GPUs in Paraguay, researchers in New York
The project used GPUs that HIVE had already deployed in its Paraguay data center. Those chips weren't cutting-edge, but they got the job done. Columbia's team connected remotely to run the AI workloads, tapping into computing power located thousands of miles away.
The setup matters because it shows that geographic distance doesn't have to be a barrier for serious research. The university didn't need to buy or lease expensive local servers; instead, it used capacity that HIVE already had online in South America.
Older chips, lower costs
A key takeaway from the collaboration is that older GPU generations can still handle modern AI training tasks.
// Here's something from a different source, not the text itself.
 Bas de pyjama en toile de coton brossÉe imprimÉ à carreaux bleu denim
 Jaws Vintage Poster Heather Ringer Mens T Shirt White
Most of the hype around AI infrastructure focuses on the latest Nvidia H100 or B200 chips, but HIVE's Paraguay project deliberately used what many would consider last-generation hardware.
That choice kept costs down. Newer GPUs are expensive and hard to get. By relying on existing, older inventory, the project demonstrated a path for organizations that can't afford the latest gear — or don't want to wait for it.
Renewable energy and global teamwork
HIVE's Paraguay data center runs partly on renewable energy, though the company hasn't disclosed the exact mix. The project highlighted that pairing older GPUs with cleaner power can further reduce the environmental and financial cost of AI research.
The collaboration itself was international: a North American university and a Canada-based company working with hardware in South America. That kind of cross-border setup could become more common as companies and schools look for less expensive compute options.
The project is finished, and the results are in. For now, HIVE has shown that it's possible to do useful AI research without the newest chips or a data center in a major tech hub. Whether other firms will follow that model — and whether they can replicate it at scale — remains an open question.